Monday, March 07, 2005

Union Dues? I read, for the first time, Inc. Magazine while I was getting my oil changed this morning. I think about business a lot less frequently than Flyer does, but I did used to be in the construction/real estate racket long ago, and I tussled with the unions on occasion. Thus, an article titled "Why the Unions Can't Win" caught my eye.
I've been thinking a lot about rank-and-file union members lately, and I have to say it's a shame how the guys at the top have let them down. Union leaders must be the only people on the planet who haven't figured out that if you want to get anywhere today, you have to think and act like a businessperson. You have to market yourself. You have to make the case why someone should purchase your services.
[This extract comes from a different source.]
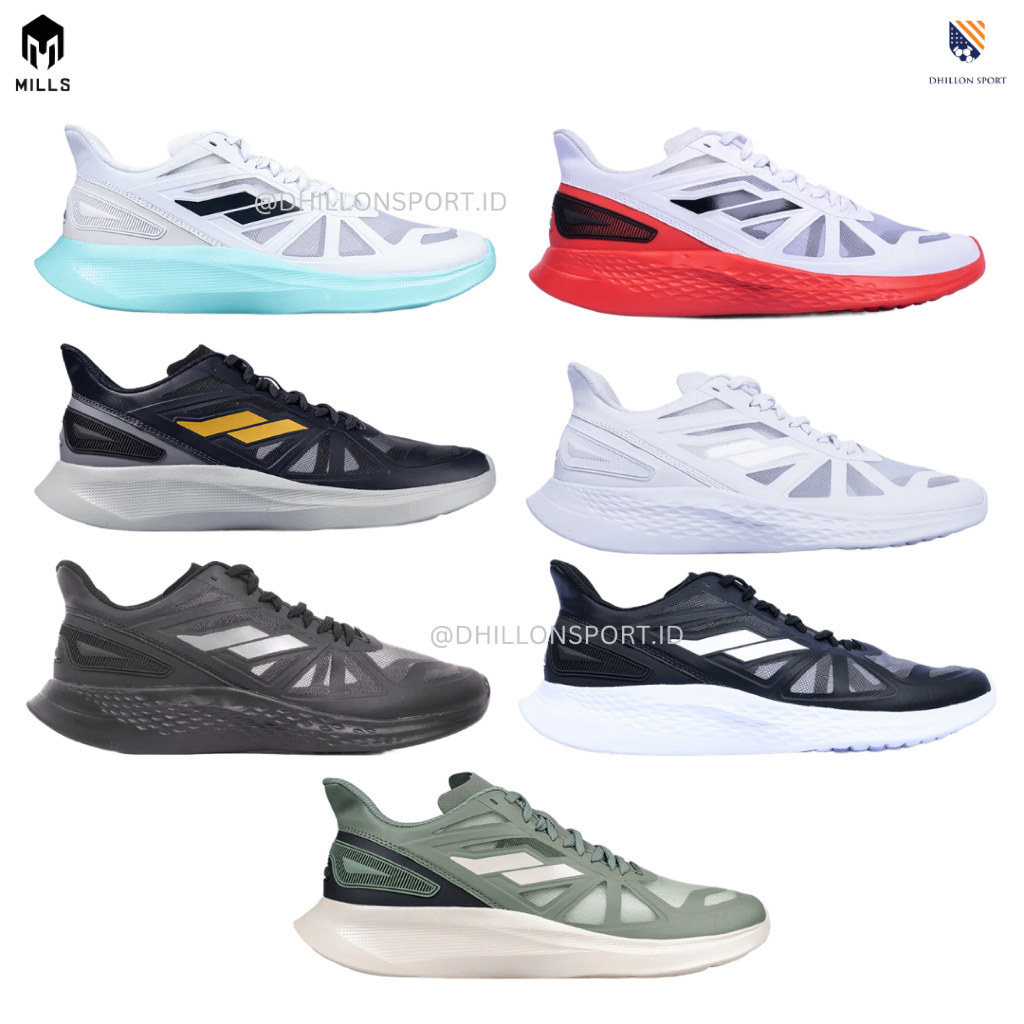 Jual Sepatu Running Mills Treximo Saga Original | Shopee Indonesia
If what you want are jobs for union members, you need to treat employers like potential customers, not like adversaries you're going to force into submission. In a competitive economy, nobody buys because they're forced to. They buy because they want to.
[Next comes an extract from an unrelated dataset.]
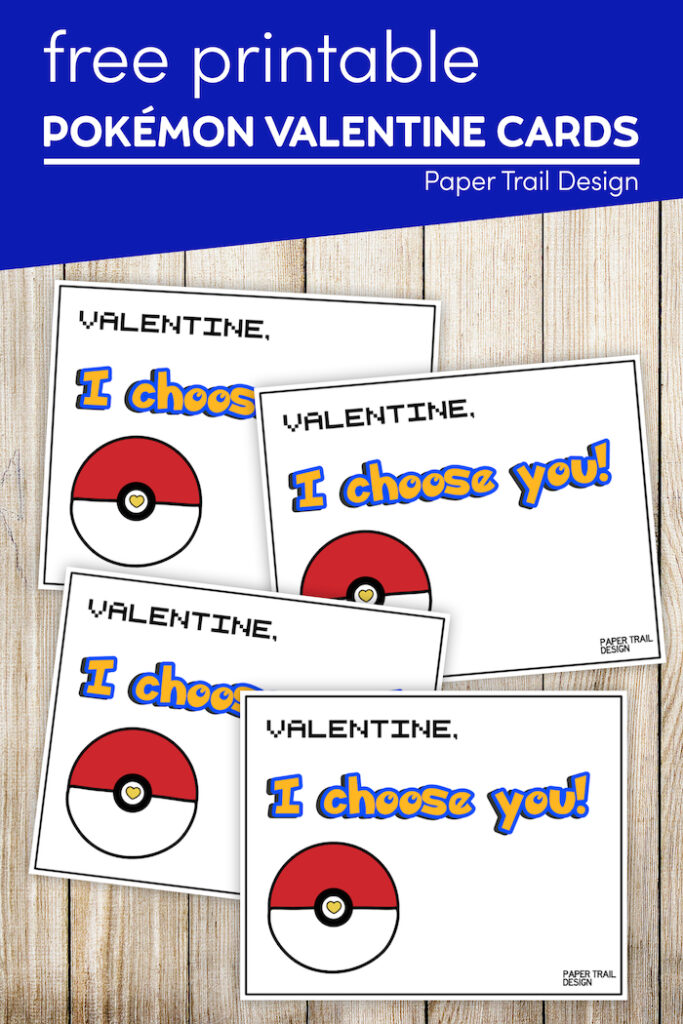 Free Printable Pokémon Valentine Cards Paper Trail Design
The author, Norm Brodsky, goes on to tell a story of his own union/non-union woes. There was a time, obviously, when business in America was the realm of robber barons, sly oil swindlers, and billionaire stock waterers. It's interesting that the one part of the American business environment that hasn't come along into the 21st century is the unions. It's true that unions were, at one time, the enemy, shut out on principle by so-called capitalists (cronyists is more like it). True, too, that today some big companies (like Wal-Mart) opt to run without unions -- which would have been a big deal 30 years ago. Unions are simply more and more irrelevant, thanks partly to such archaic tactics. Wal-Mart isn't run by specie barons lighting cigars with c-notes. It's run by a board of stockholders who just don't see any benefit from unionizing. I mean, why bother when affirmative action rules, minimum wage requirements (which are higher than the fed minimum in many states), and legal precedent has set in stone much of what unions (theoretically) represented?

The only growth area for unions these days is service occupations (let's see Upton Sinclair write a story about customer service reps being turned into sausage) and government employees (not a famously competitive field; plus, the last time the fed got tough with a union was when Reagan -- thought to be a union-friendly Republican based on his SAG days -- bitch-slapped PATCO). There are reasons for this, a lot of which I hadn't thought about until I read this piece. It's interesting stuff. I wonder what kind of success would/could be had by unions treating an open shop as an RFP? A little bit of "Look what we can do for you" might go a lot further than a lot of "Nice store/company/restaurant you got here; it'd be a shame if anything happened to it."